As keeper of Sports Illustrated's indispensable Vault, Andy Gray spends a lot of his time sifting through the sports photography of another time, when athletes wore short shorts and facial hair, and everyone looked vaguely uncomfortable. Here is one such photo.
As another U.S. Open draws to a close, we look back to the 1970s, when Jimmy Connors and Chris Evert ruled the game and, for a time, each other's hearts. America's infatuation with the couple started in 1974, when the 21-year-old Connors and the 19-year-old Evert both won Wimbledon and announced their engagement for the following November. The marriage never happened; the two called it off nearly at the altar. Four years later, they arrived in Flushing, the first year the U.S. Open was held at its new facility, and quickly battered their way through the draw. SI's Frank Deford discusses the evolving relationship between the two stars in this August 1978 piece:
Only Evert appears to be in a position to exert a major influence on Connors. She fills all the necessary criteria. She is female, which he prefers—"I'd rather be friends with a woman than a man any day"—and she is enduring. All of the Connors family intimates must stand the test of time. Besides, it is obvious by now that Chrissie and Jimmy can't get each other out of their systems. That doesn't necessarily mean that they will marry someday. It just means they can't get each other out of their systems.

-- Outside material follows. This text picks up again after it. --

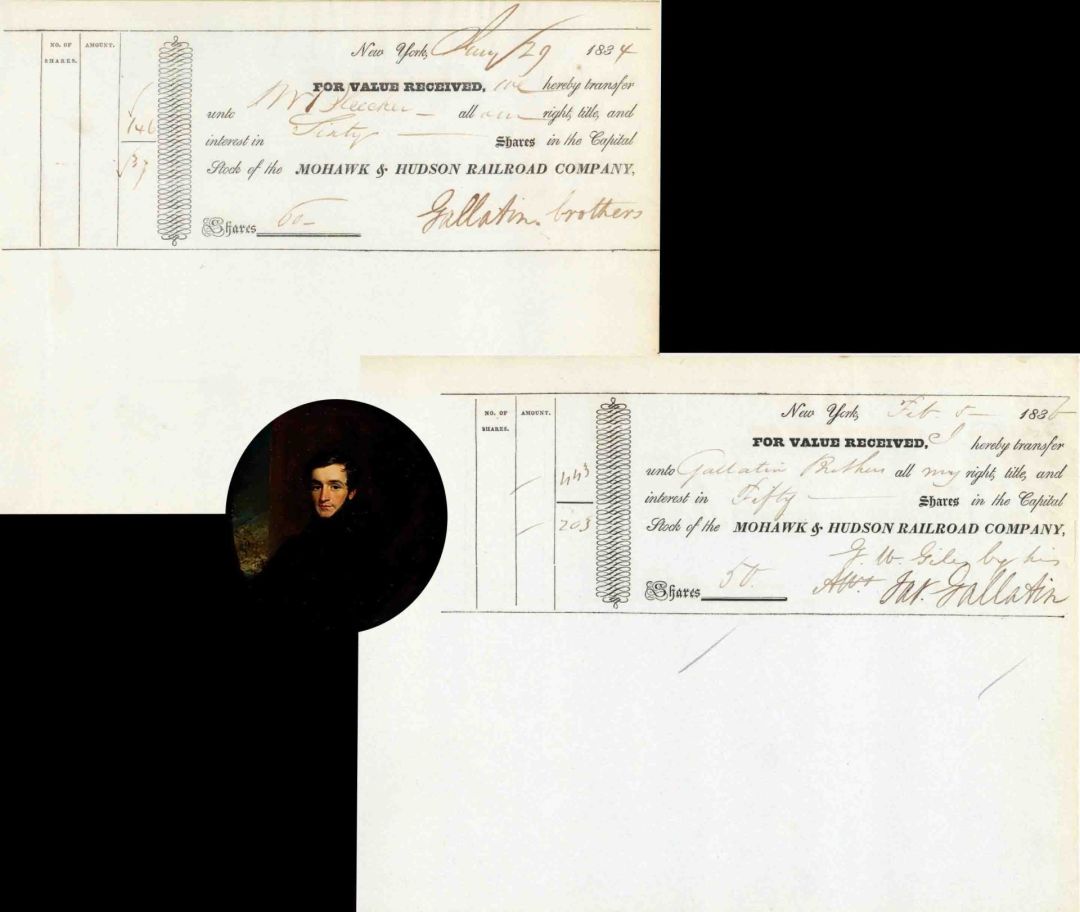 Pair of Mohawk and Hudson Railroad signed by James Gallatin - 1834 and 1836 dated Autographed Stock Certificates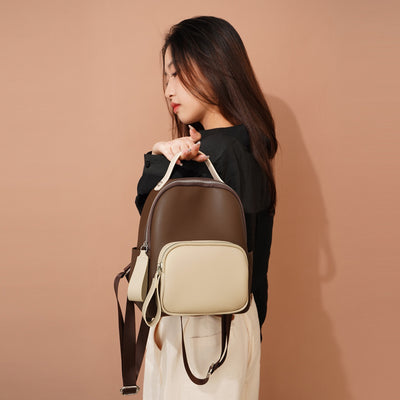 Mochila de Cuero Genuino Retro con Contraste de Colores - Ligera y Versátil para Diario - Image 13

In fact, what has emerged from a teenage infatuation is a tender, understanding adult affection. "We fell in love when we were so young," says Chris, "before we were friends. Jimmy has always worked harder on the court than anyone, but he's always been completely pampered off. His mom thinks he deserved it that way. So you must be very attentive to Jimmy. And I don't want to sound harsh, please, because much of this also applies to me, to athletes in general. So when we were together, each of us was thinking about ourselves. It's very tough for Jimmy to give on those occasions, because he gives so much on the court, and you come to expect it off. And then, of course, most of the time you do get it off the court. Imagine us, two kids, so young, in love for the first time, each expecting the other to give." She shakes her head.